Sang kepala keluarga yang rutin berada di mesjid terdekat untuk shalat berjamaah sebelum adzan menggema selalu mengingatkan sebelum ia berangkat, namun selalu jua tak digubris. Walhasil, sepanjang adzan berkumandang, siaran televisi masih bebas memanjakan penonton setianya. Ketika beberapa pasang mata masih saja terbelalak tak berkedip di depan layar, si bungsu yang masih berumur tiga tahun bergegas mematikan televisi. Layar televisi mendadak gelap, tak memunculkan warna kecuali hitam. Sontak penonton kecewa, sembari menatap marah si kecil yang masih berdiri tegak. Anak kecil itu lalu berkata, ”colat-colat, ndah atan” ucapnya celat namun dengan nada mantap.
Saudaraku, ini adalah satu dari sekian kisah yang patut kita renungkan. Betapa kita telah lupa akan asal kita, Sang Maha Pencipta. Nikmatnya dunia yang senantiasa membelai mesra telah membuat kita melupakan kewajiban kita, lupa untuk apa kita diciptakan. Betapa masih sucinya seorang anak kecil dibanding kita yang telah berlumur dosa, namun masih saja membusungkan dada di atas bumi Allah SWT.
Saudaraku, saat mobil mewah dan mulus yang kita miliki tergores, goresannya bagai menyayat hati kita. Saat kita kehilangan handphone di tengah jalan, separuh tubuh ini seperti hilang bersama barang kebanggaan kita tersebut. Saat orang mengambil secara paksa uang kita, seolah terampas semua harapan.
Tetapi saudaraku, tak sedikitpun keresahan dalam hati saat kita melakukan perbuatan yang melanggar perintah Allah, kita masih merasa tenang meski terlalu sering melalaikan shalat, kita masih berdiri tegak dan sombong meski tak sedikitpun infak dan shodaqoh tersisihkan dari harta kita, meski disekeliling kita anak-anak yatim menangis menahan lapar.

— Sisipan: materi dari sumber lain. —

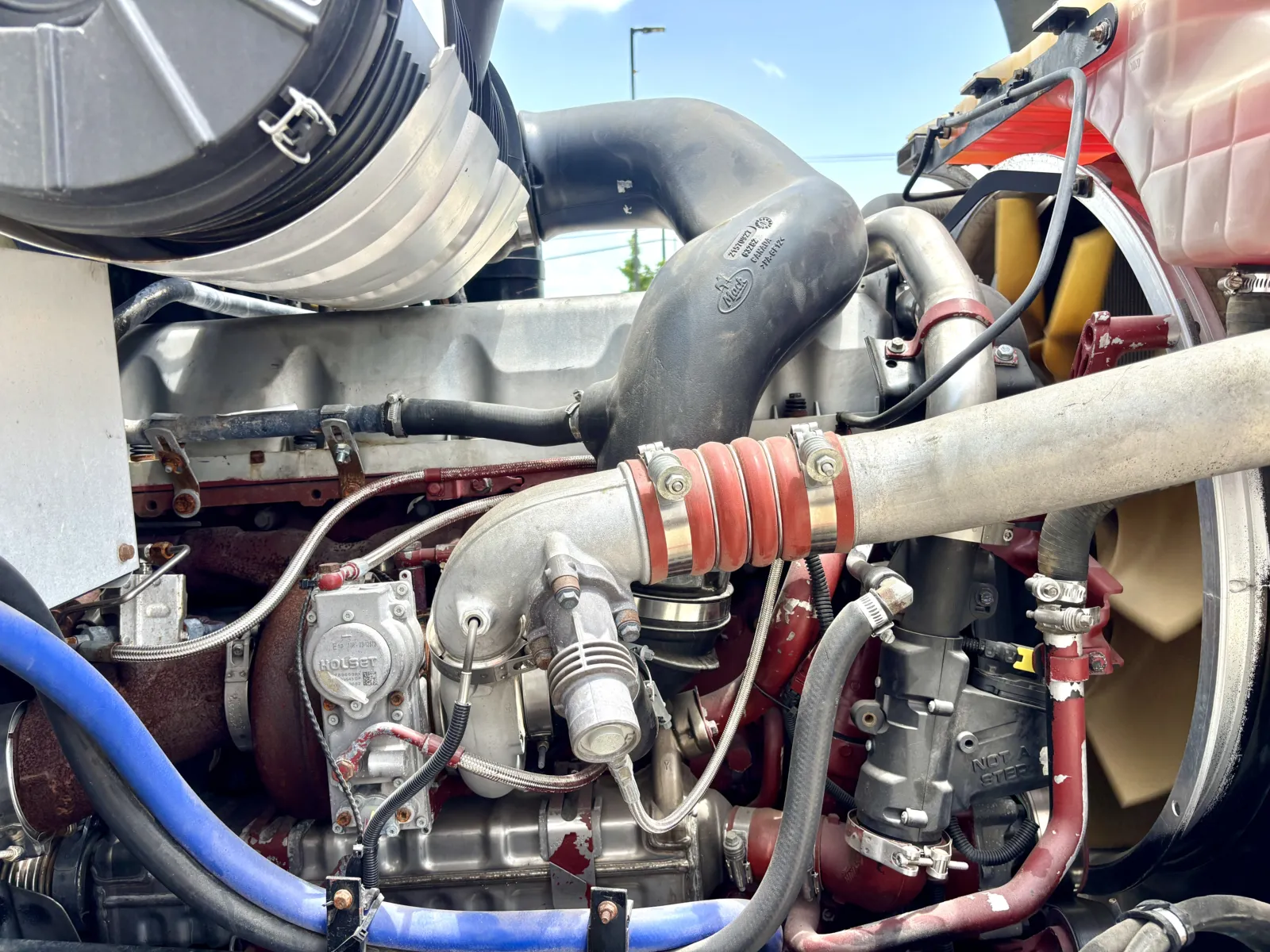 2012 Mack - image 12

Saudaraku, kata-kata kotor dan dampratan seketika keluar tatkala sebuah mobil yang melaju kencang menciprati pakaian bersih kita. Enggan dan malu kita menggunakan pakaian yang terkena noda tinta meski setitik dan kita akan tanggalkan pakaian-pakaian yang robek, bolong dan menggantinya dengan yang baru.

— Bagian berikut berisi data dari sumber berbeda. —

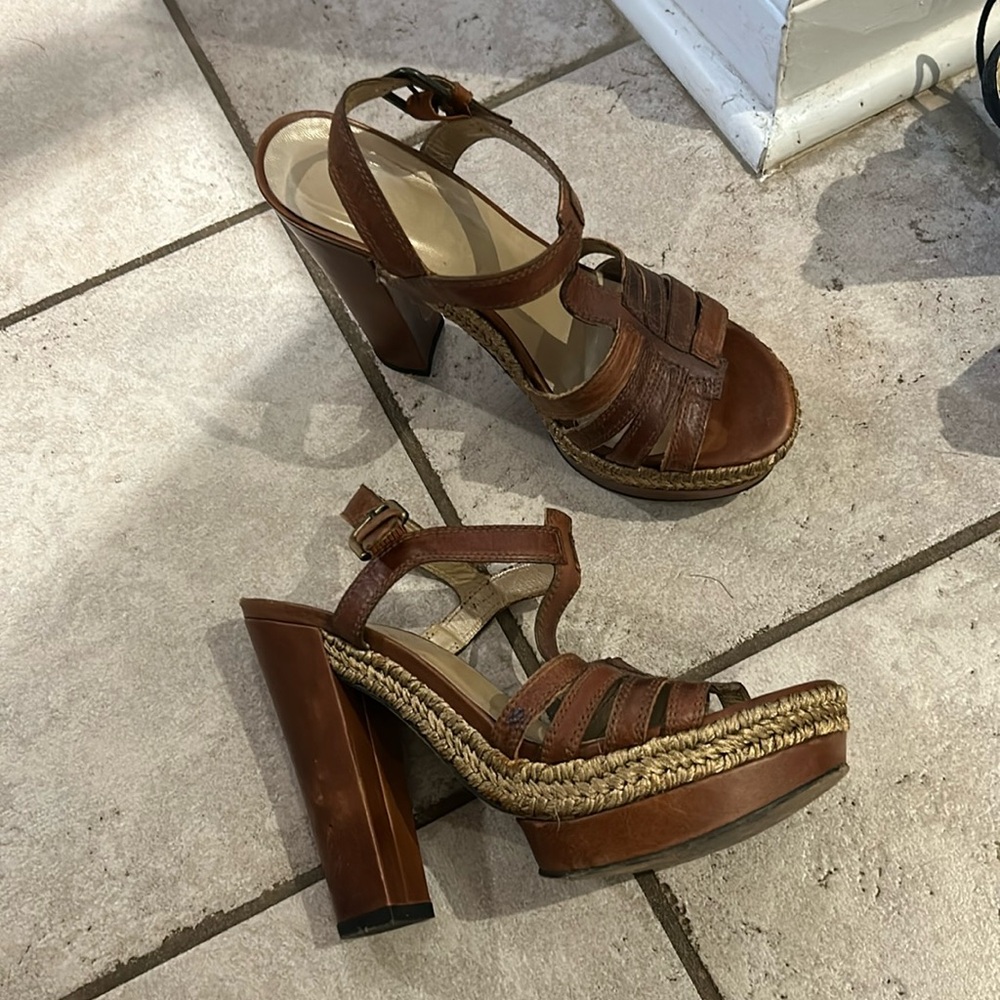 Stuart Weitzman Summer Heels (size 8)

Tetapi saudaraku, kita tak pernah ambil pusing dengan tumpukan dosa yang mengotori tubuh ini, kita tak pernah merasa malu berjalan meski wajah kita penuh noda kenistaan, kita pun tak pernah tahu bahwa titik-titik hitam terus menyerang hati ini hingga saatnya hati kita begitu pekat, dan kitapun tak pernah mencoba memperbaharuinya.
Saudaraku, kita merasa tidak dihormati saat teguran dan sapaan kita tidak didengarkan, hati ini begitu sakit jika orang lain mengindahkan panggilan kita, terkadang kita kecewa saat orang lain tidak mengenali kita meski kita seorang pejabat, pengusahan, kepala pemerintahan, tokoh masyarakat bahkan orang terpandang, kita sangat khawatir kalau-kalau orang membenci kita, dan berat rasanya saat orang-orang meninggalkan kita.
Tetapi juga saudaraku, tidak jarang kita abaikan nasihat orang, begitu sering kita tak mempedulikan panggilan adzan, tak bergetar hati ini saat lantunan ayat-ayat Allah terdengar di telinga. Dengan segala kealpaan dan kekhilafan, kita tak pernah takut jika Allah Yang Maha Menguasai segalanya membenci kita dan memalingkan wajah-Nya, kita pun tak pernah mau tahu, Baginda Rasulullah mengenali kita atau tidak di Padang Masyhar nanti. Kita juga tak peduli melihat diri ini jauh dari kumpulan orang-orang sholeh dan beriman. Saudaraku, tanyakan dalam hati kita masing-masing, ada apa dengan kita?